Jerry Grundhofer (born 1945) is the former CEO and Chairman of U.S. Bancorp.

== Education ==
He graduated from Seattle University in 1965.

== Career ==
Jerry was a vice president of Security Pacific Bank and Bank of America in the early 1990s. He left Bank of America to join Star Banc Corporation in 1993.

In 1993, he became the CEO of Star Banc Corporation and held that position until 1998, when it merged with Firstar Corporation, where he continued as CEO. He became the CEO of U.S. Bancorp when it merged with Firstar in February 2001, and then chairman of the board in 2002, succeeding his brother John F. Grundhofer.
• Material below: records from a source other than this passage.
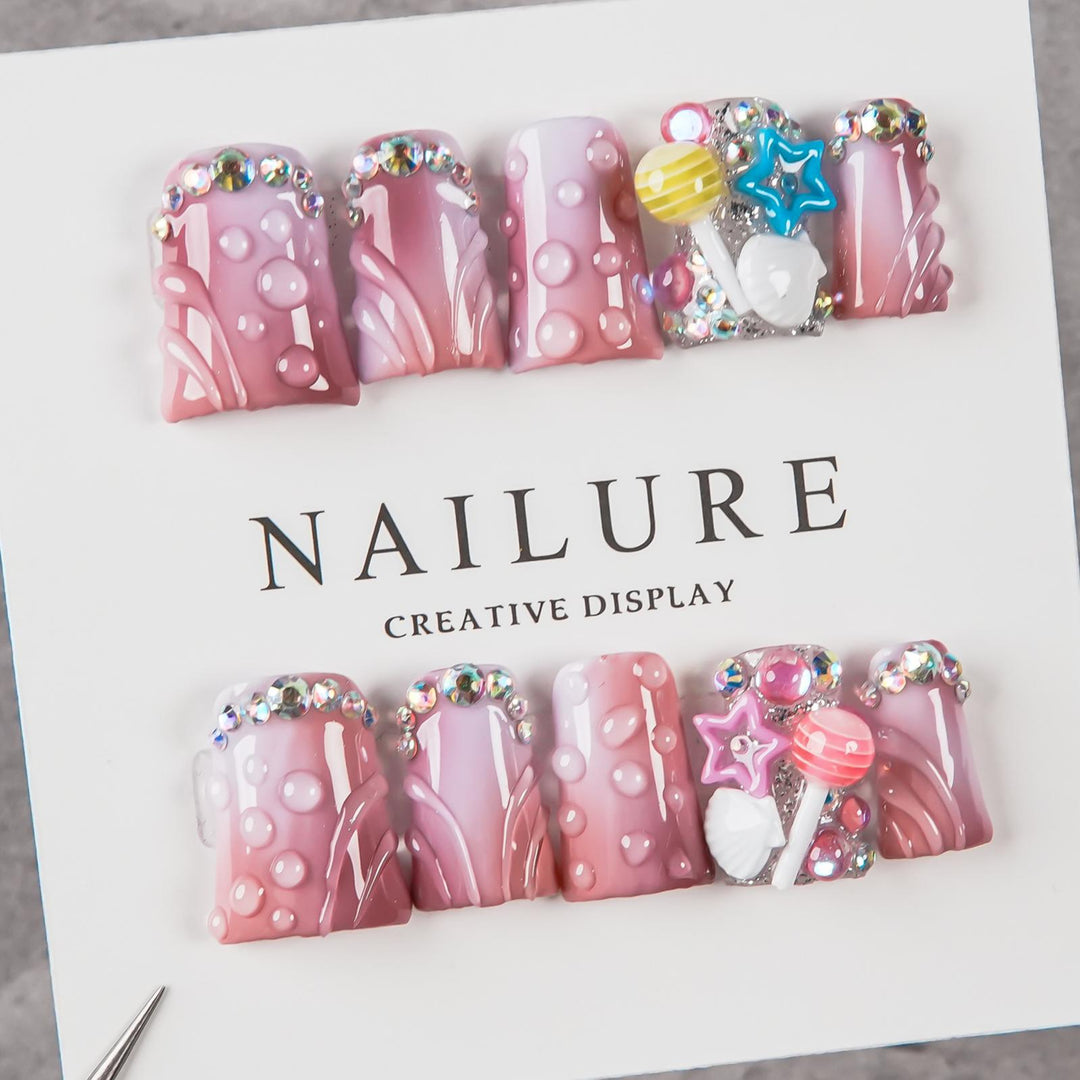Dekoratives Fantasy-Themen Press-On Nagelset
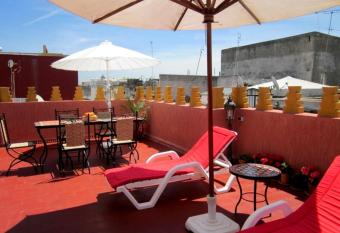 Dar Yanis has Balcony rooms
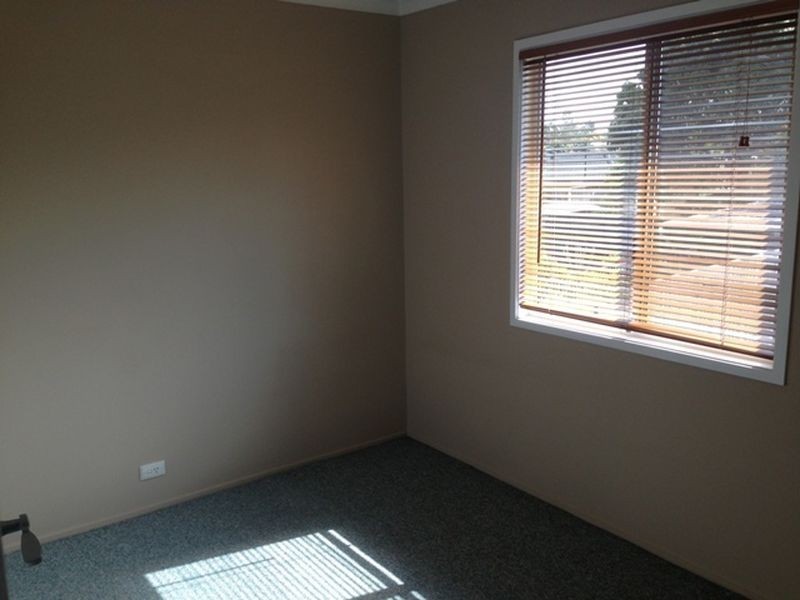 27 Pine Drive, Woodridge QLD 4114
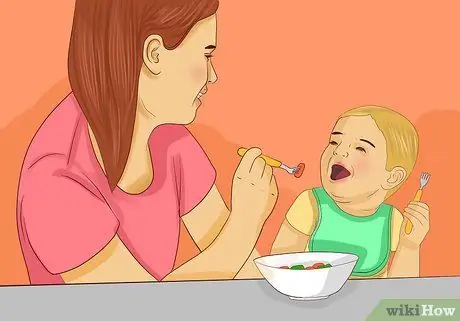 Заставьте вашего малыша есть с помощью посуды Шаг 7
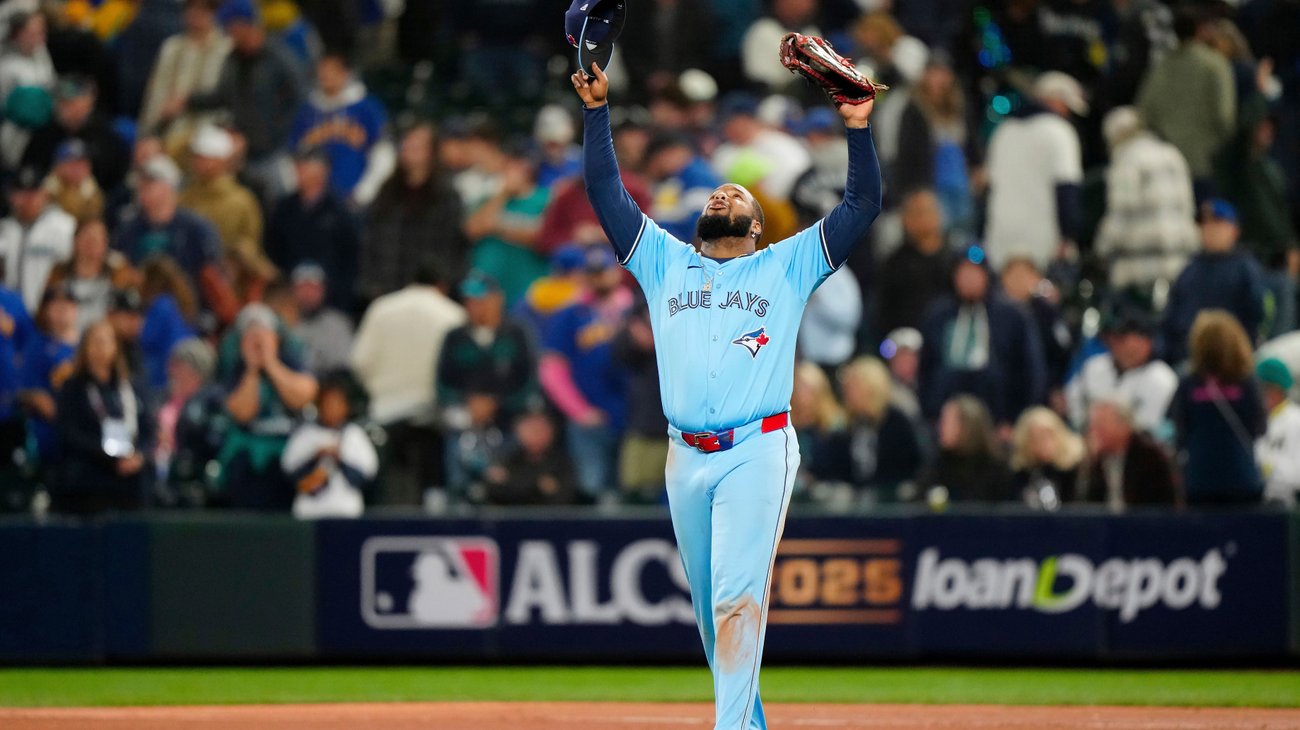 Toronto despierta y aplasta 13-4 a a Mariners; ponen serie 2-1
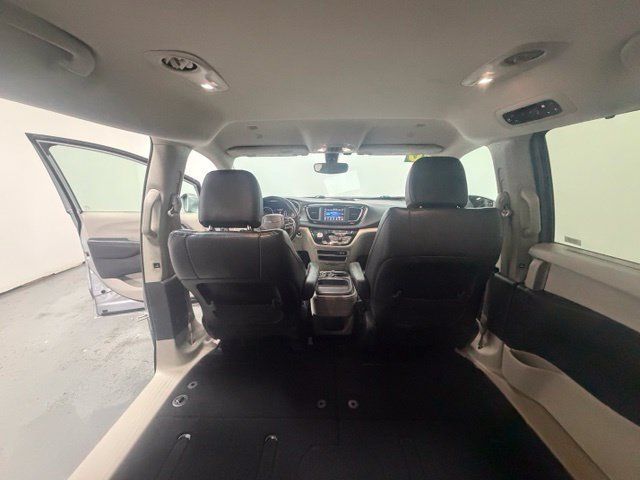 Used 2020 Chrysler Pacifica Touring-L FWD image 25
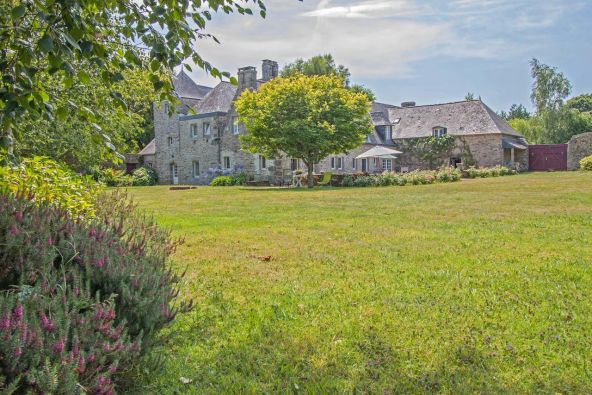 Sale Manor house Pont-l'Abbé 10&nbsp;Rooms 305&nbsp;m²
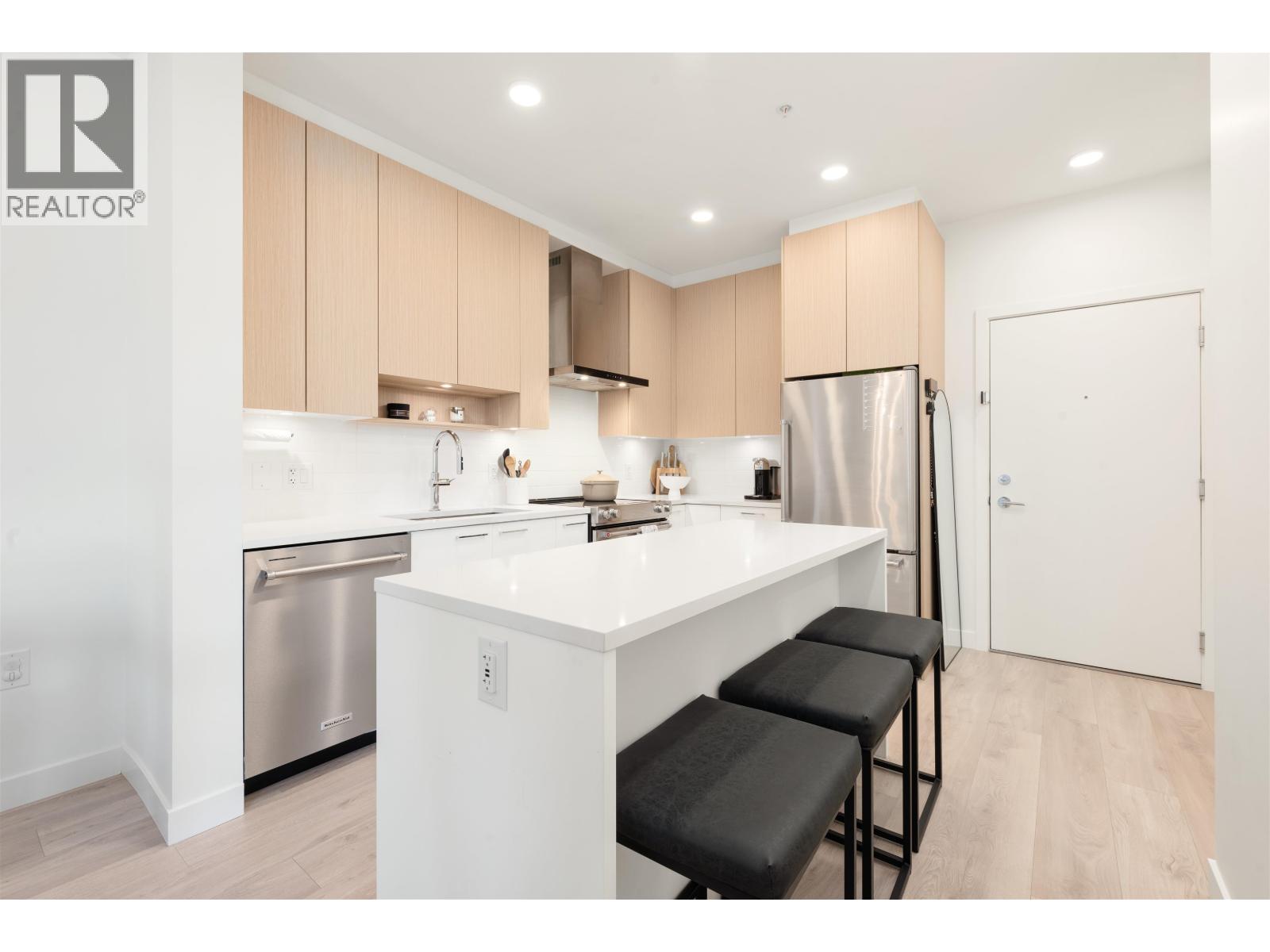 Photo 7 of 222 7588 16th Street, Burnaby BC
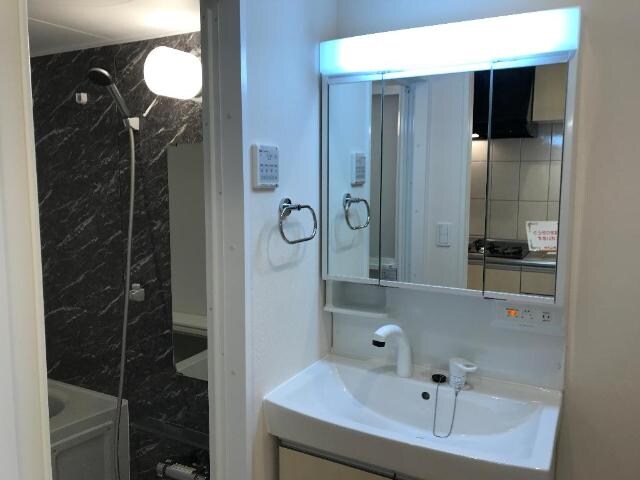 物件内観写真4　(洗髪洗面化粧台)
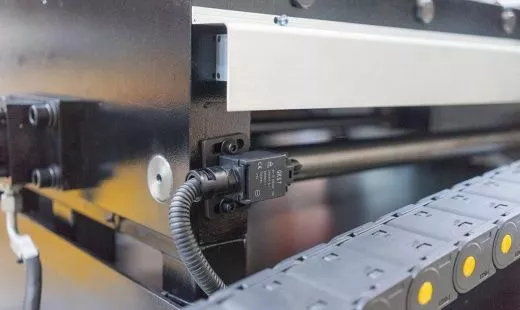 Автоматическая ленточная пила BS-460GBA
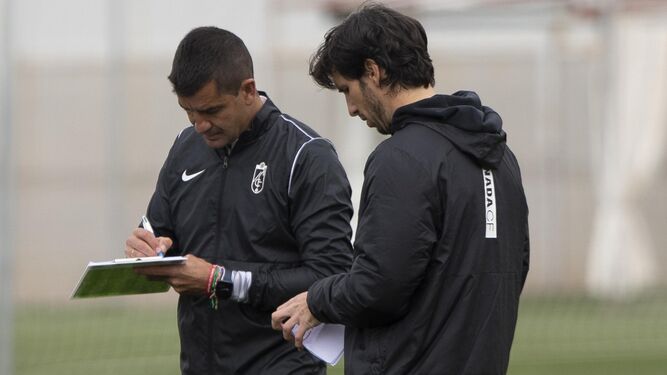 El técnico extremeño charla con Diego Mainz en un entrenamiento de esta semana.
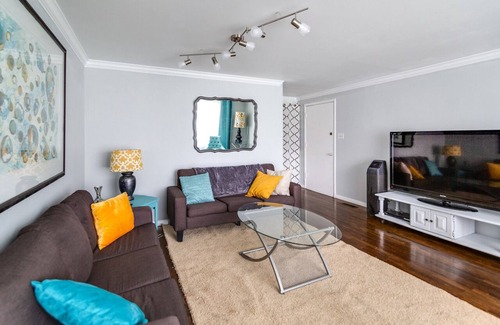 Hillcrest House | Lovely Midcentury Modern Inspired 3 bedroom house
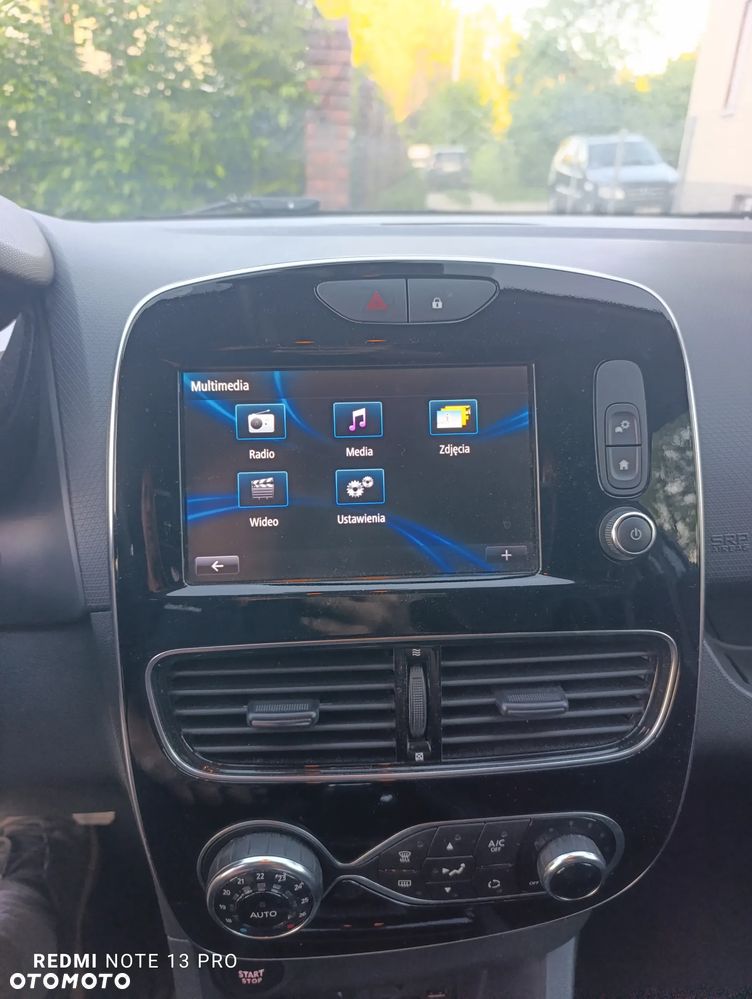 Renault Clio 1.2 16V Limited Plus - 24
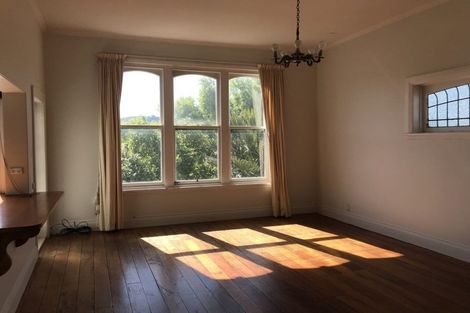 Photo of property in 7a Hawker Street, Mount Victoria, Wellington, 6011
Jerry Grundhofer stepped down as CEO on December 12, 2006, and was replaced by Richard K. Davis who assumed the position of CEO in addition to his role as president. Jerry Grundhofer remained as chairman of the board of directors until the end of 2007, when he was scheduled to retire.

He also served as vice chairman of Bank of America (BAC) and was on the board of Lehman Brothers.

In March 2009, Citigroup announced the appointment of Grundhofer to its board of directors. In July 2009, he was appointed chairman of Citibank NA. He also led the board's risk management and finance committee and was a member of its nomination and governance committee. In June 2011, Grundhofer resigned from the board. Also in June 2011, he was named chairman of Santander Holdings.